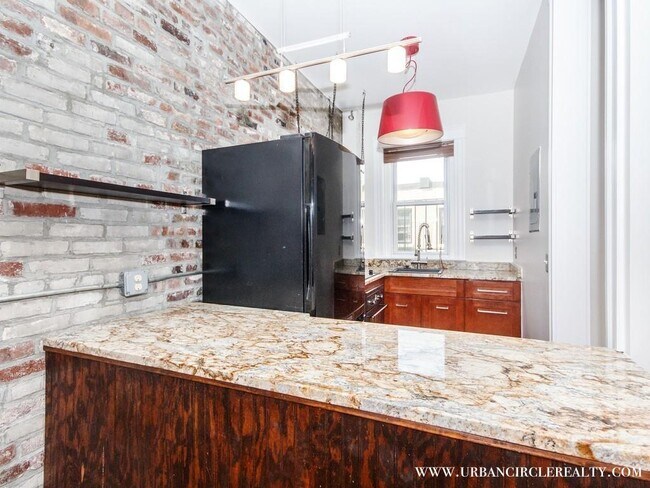 Foto del edificio - 313 Allston St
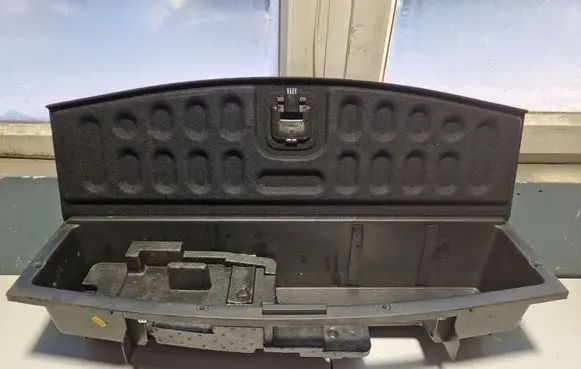 Chevrolet Captiva Glove box in trunk 96630534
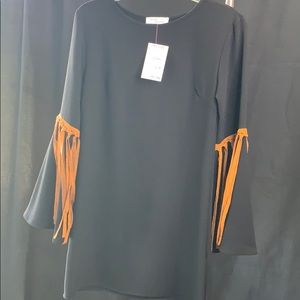 NWT Million Bullpup Fringe Belle sleeve dress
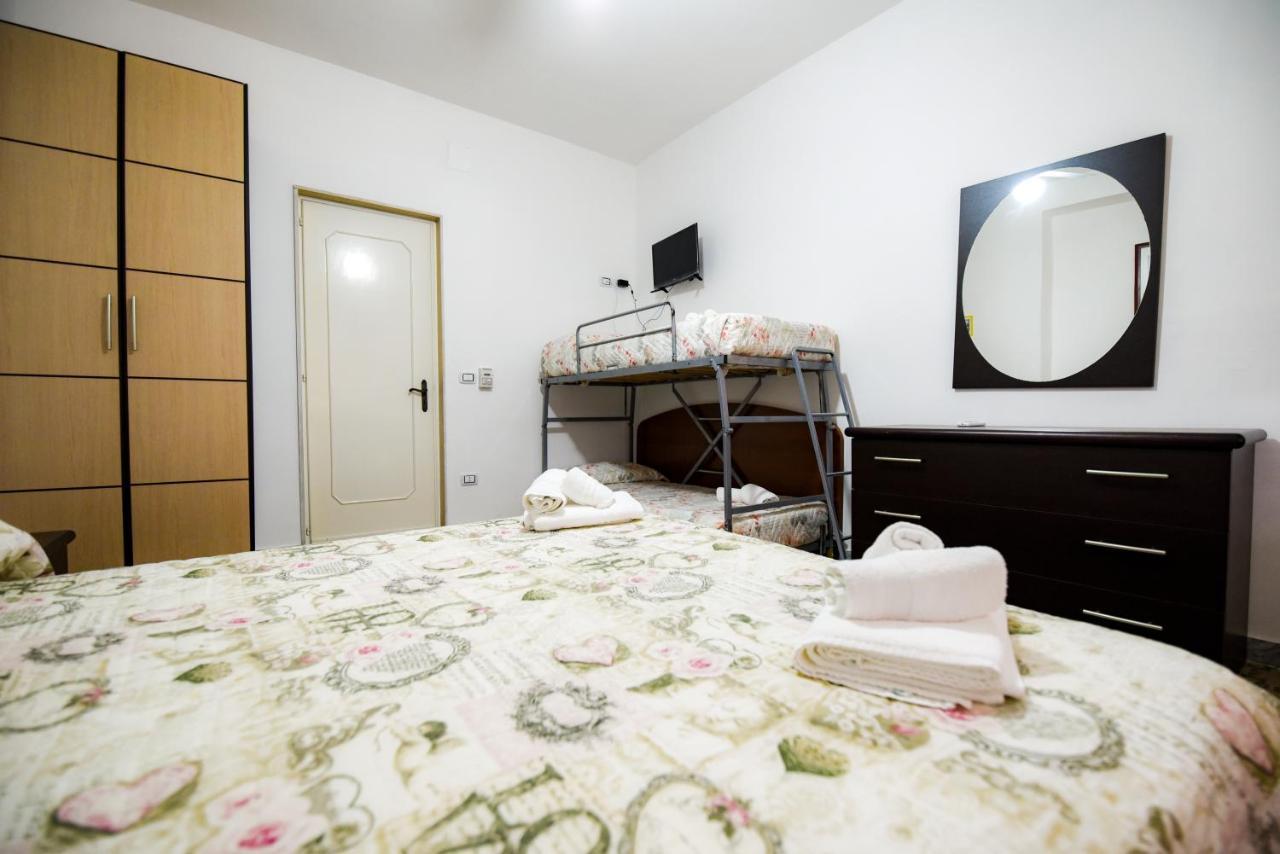 Sea Salento Casa Vacanze ปุนตาปรอสชุตโต ภายนอก รูปภาพ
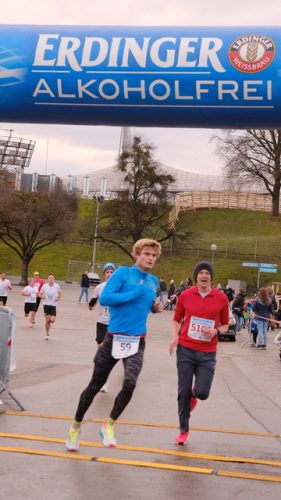 4F2F6C3A-A45E-45C1-8C75-30FE7B58F48E 4 5005 c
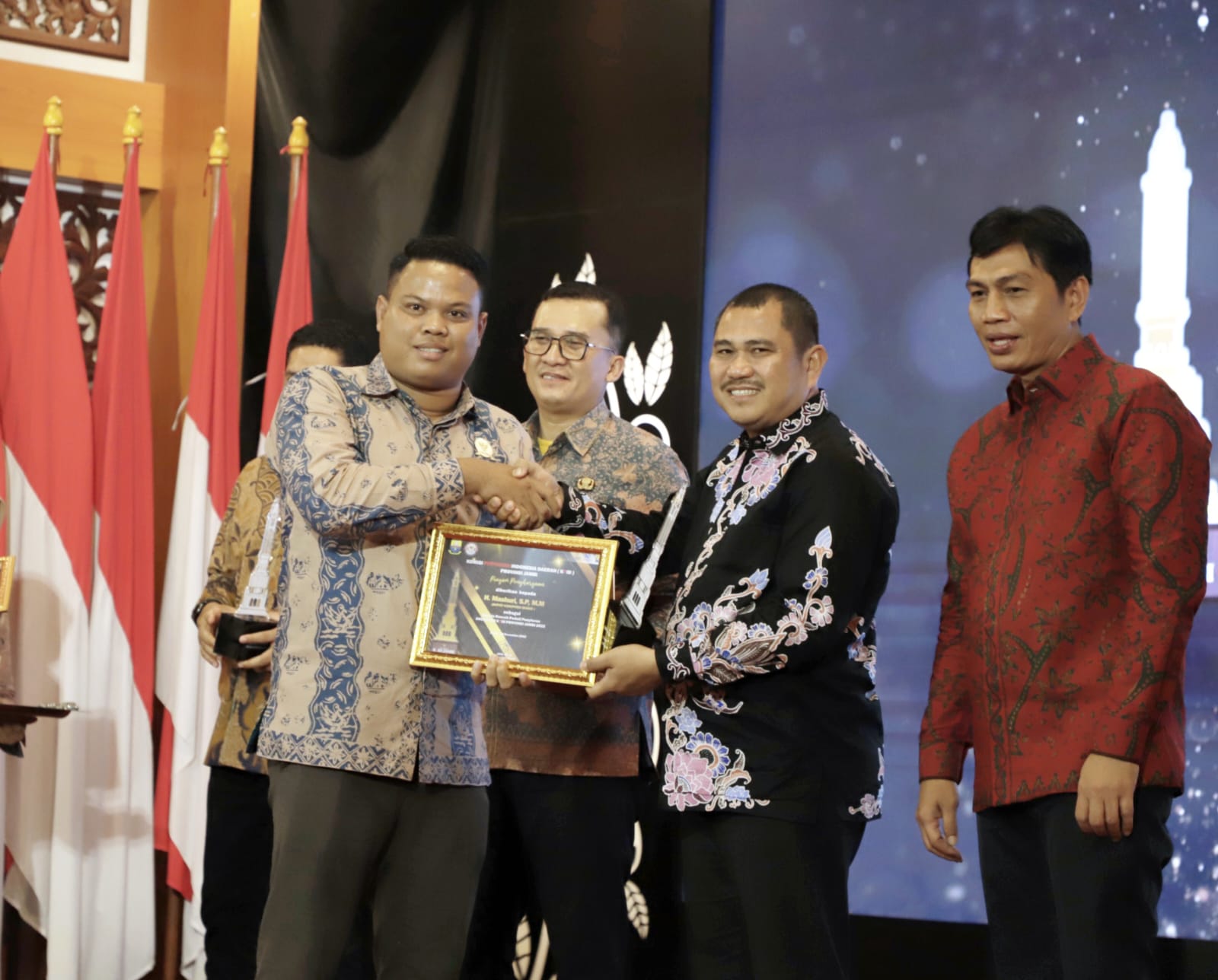 Bupati Bungo Terima Penghargaan KPID Award Sebagai Kepala Daerah Peduli Dunia Penyiaran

Work to complete
Extract only the lines from the one that contains "Chevrolet Captiva Glove" through the end of the records, inclusive, and omit every picture.

Exercise solution
 Chevrolet Captiva Glove box in trunk 96630534
 NWT Million Bullpup Fringe Belle sleeve dress
 Sea Salento Casa Vacanze ปุนตาปรอสชุตโต ภายนอก รูปภาพ
 4F2F6C3A-A45E-45C1-8C75-30FE7B58F48E 4 5005 c
 Bupati Bungo Terima Penghargaan KPID Award Sebagai Kepala Daerah Peduli Dunia Penyiaran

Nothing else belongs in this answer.